According to Australian Bureau of Statistics (ABS) data released on Thursday, the life expectancy for Aboriginal and Torres Strait Islander males born between 2015 and 2017 was 71.6 years compared to 75.6 years for women.

On average, indigenous men born in that timeframe had a life expectancy 8.6 years lower than non-indigenous men while the difference between indigenous and non-indigenous women was 7.8 years.

The gap between indigenous Australians from remote and very remote areas and non-indigenous Australians was even wider at 13.8 years for men and 14 years for women.

"Life expectancy within the Aboriginal and Torres Strait Islander population varied considerably, with the lowest life expectancy experienced by those living in the more remote parts of the country," said Antony Grubb, director of demography at the ABS.

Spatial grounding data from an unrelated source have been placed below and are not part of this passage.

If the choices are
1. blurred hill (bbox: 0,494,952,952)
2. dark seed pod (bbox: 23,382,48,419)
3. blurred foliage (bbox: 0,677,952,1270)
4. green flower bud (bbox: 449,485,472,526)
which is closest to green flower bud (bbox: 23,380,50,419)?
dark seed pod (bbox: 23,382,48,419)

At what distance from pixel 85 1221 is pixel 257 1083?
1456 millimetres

"Life expectancy at birth for Aboriginal and Torres Strait Islander people living in remote and very remote areas was 65.9 years for men and 69.6 years for women, while those living in major cities had the highest life expectancy (72.1 years and 76.5 years for men and women respectively)."

Indigenous Australians living in the Northern Territory (NT), where more than a quarter of the population is indigenous, and Western Australia (WA) had the lowest life expectancy among the states and territories.

Closing the gap in life expectancy is one of the key aims of the Australian gvernment's strategy to eliminate the disadvantages faced by the indigenous population.

However, the Australian Medical Association (AMA) claimed that the initiative had failed and called for a complete overhaul.